**PROMPT**
Reproduce the data exactly as given, except for any images.

**DATA EXTRACT**

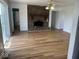 Bright living room featuring hardwood floors, a brick fireplace, and a sliding glass door at 1925 W State Road 32, Lebanon, IN 46052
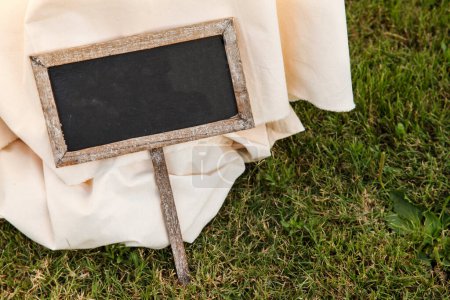 Photo for Old blackboard with space for text on the grass - Royalty Free Image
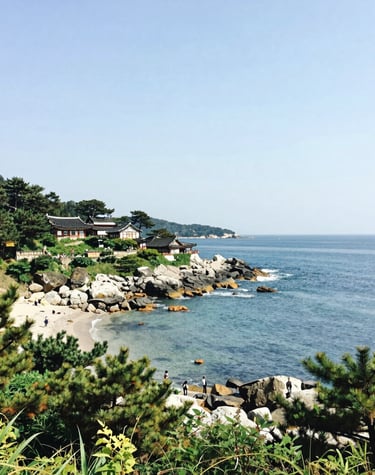 A colorful street market bustling with smiling vendors and fresh produce under bright blue skies.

**OUTPUT OF THE EXERCISE**
 Bright living room featuring hardwood floors, a brick fireplace, and a sliding glass door at 1925 W State Road 32, Lebanon, IN 46052
 Photo for Old blackboard with space for text on the grass - Royalty Free Image
 A colorful street market bustling with smiling vendors and fresh produce under bright blue skies.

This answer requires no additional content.